See the dedicated Colab Training Guide for the full notebook walkthrough.
Quick summary:
- $9.99/month for Colab Pro (A100 access, 24-hour sessions)
- No SSH needed — runs in browser
- Limited to ~12 hours continuous runtime (Pro+: ~24 hours)
- Storage via Google Drive (15 GB free, 100 GB with Google One)
Best for: Training a single agent, quick experiments, testing hyperparameters.

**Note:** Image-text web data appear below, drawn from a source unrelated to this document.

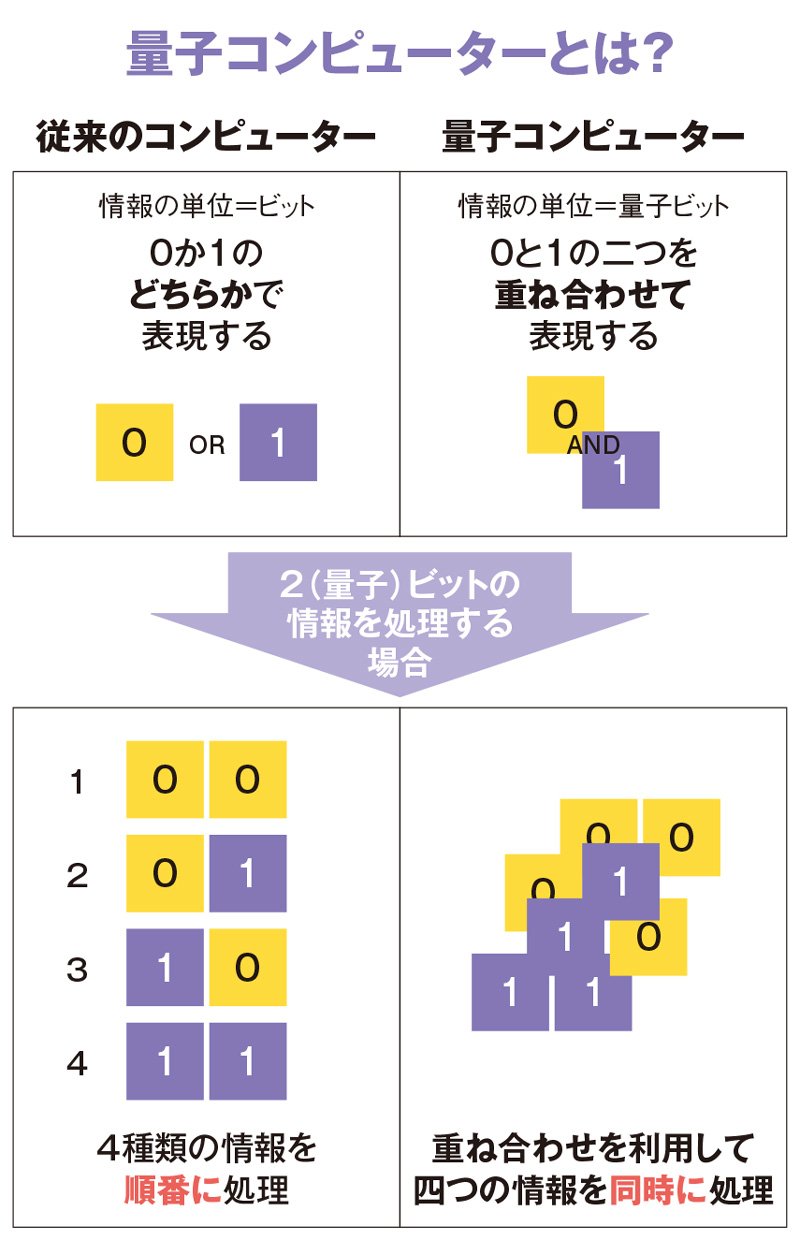 量子コンピューターは何がすごい？」20代起業家コンビが基礎を解説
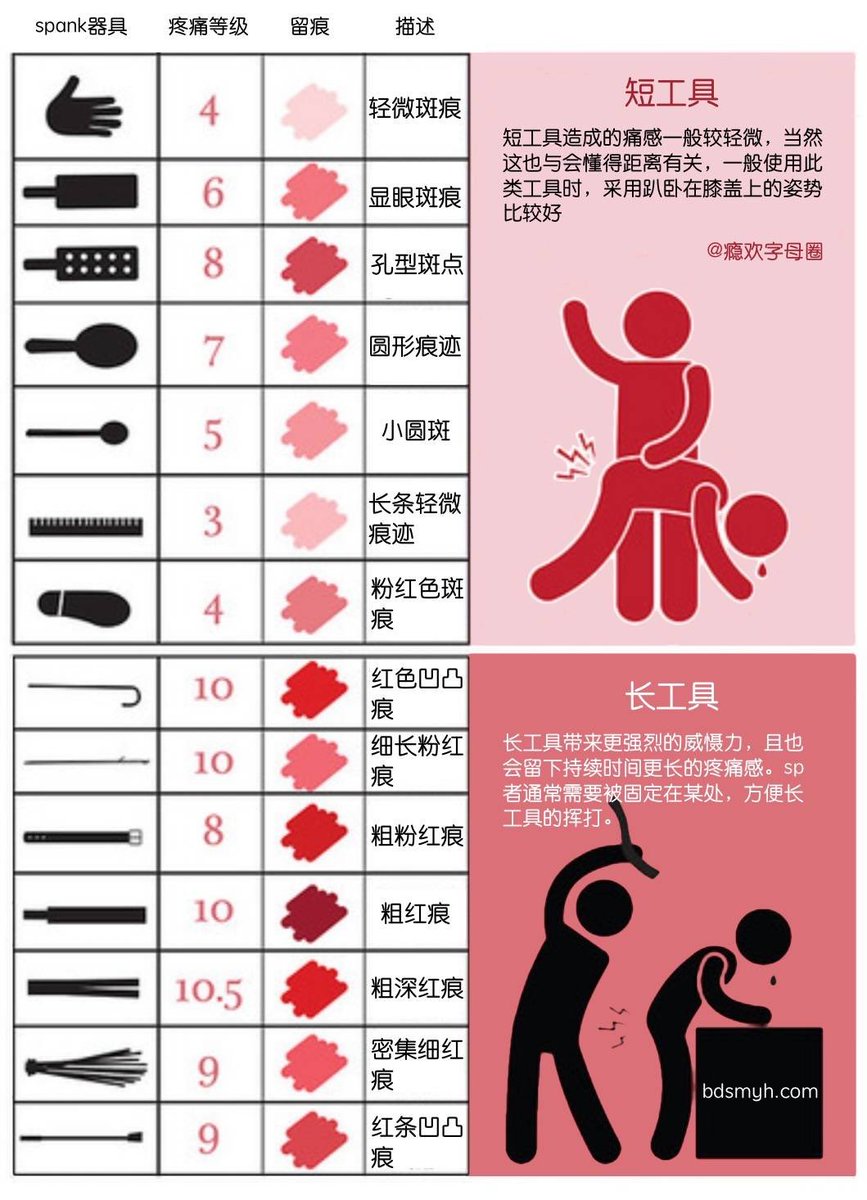 Mistress3777's tweet photo. 来打屁股啦 https://t.co/TbqRicLUAx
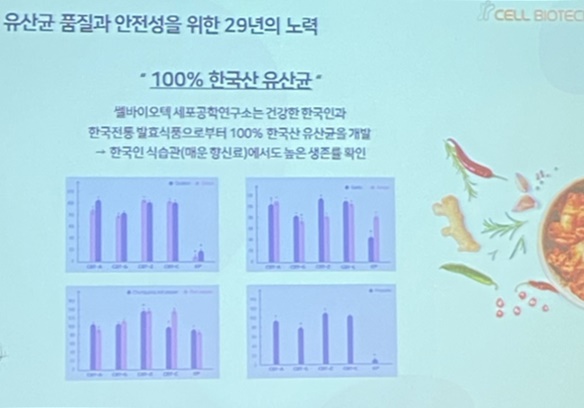 임상현 쎌바이오텍 세포공학연구소장은 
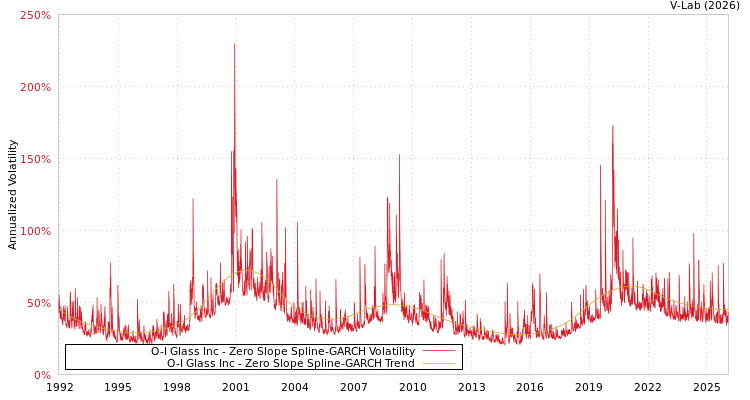 graph of O-I Glass Inc S0GARCH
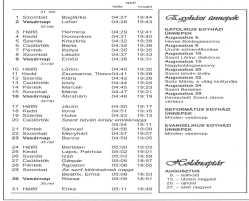 90 éve halt meg... a festészet magyar prófétája Csontváry Kosztka Tivadar a jelentés szerint a szó orvosi értelmében éhen halt.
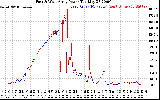 Solar PV/Inverter Performance Photovoltaic Panel Power Output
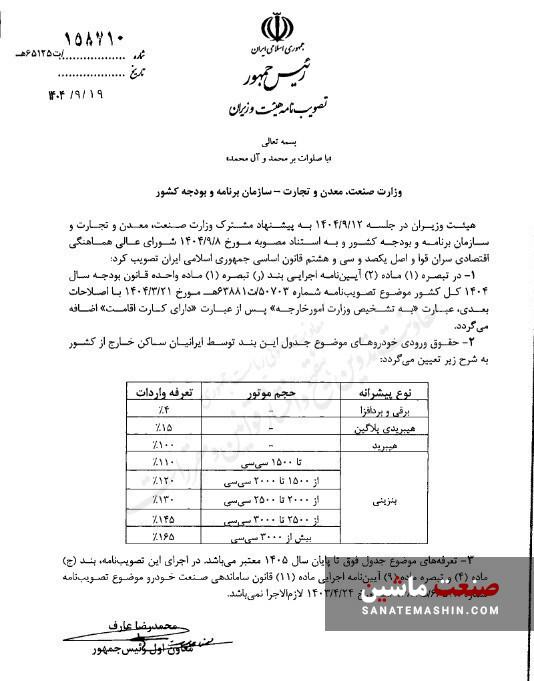 حقوق ورودی خودروهای وارداتی ساکنان خارج از کشور اعلام شد +سند حقوق ورودی خودروهای وارداتی ساکنان خارج از کشور اعلام شد +سند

Not recommended for: Training all 9 agents (insufficient runtime) or multi-model configurations.
GPU Selection Guide
How Much VRAM Do You Need?
GPU Speed Comparison
Real-world training times for Granite 4 H-Small (8B), single agent, 3 epochs:
| GPU | VRAM | Training Time | Cost (RunPod) |
|---|---|---|---|
| T4 | 16 GB | 52 min | $0.32 |
| RTX 3090 | 24 GB | 25 min | $0.29 |
| RTX 4090 | 24 GB | 18 min | $0.54 |
| A100 40 GB | 40 GB | 14 min | $0.35 |
| A100 80 GB | 80 GB | 12 min | $0.50 |
| H100 80 GB | 80 GB | 8 min | $0.53 |
The RTX 3090 consistently offers the lowest total cost despite not being the fastest. At $0.69/hr and 25 minutes per agent, you spend only $0.29 per agent fine-tune.
Cost Calculator
Single-Model Configuration (Granite 4 only)
Base training: 25 min × $0.69/hr = $0.29
Per-agent (×9): 225 min × $0.69/hr = $2.59
Dataset prep: 5 min × $0.69/hr = $0.06
Export + eval: 25 min × $0.69/hr = $0.29
────────────────────────────────────────────────
Total: 280 min = 4.7 hrs → $3.23
Two-Model Configuration (Granite 4 + Qwen 3)
Granite 4 agents (×9): 225 min × $0.69/hr = $2.59
Qwen 3 agents (×4): 100 min × $0.69/hr = $1.15
Dataset prep: 5 min × $0.69/hr = $0.06
Export + eval: 40 min × $0.69/hr = $0.46
────────────────────────────────────────────────
Total: 370 min = 6.2 hrs → $4.26
Three-Model Configuration (Granite 4 + Qwen 3 + Gemma 4)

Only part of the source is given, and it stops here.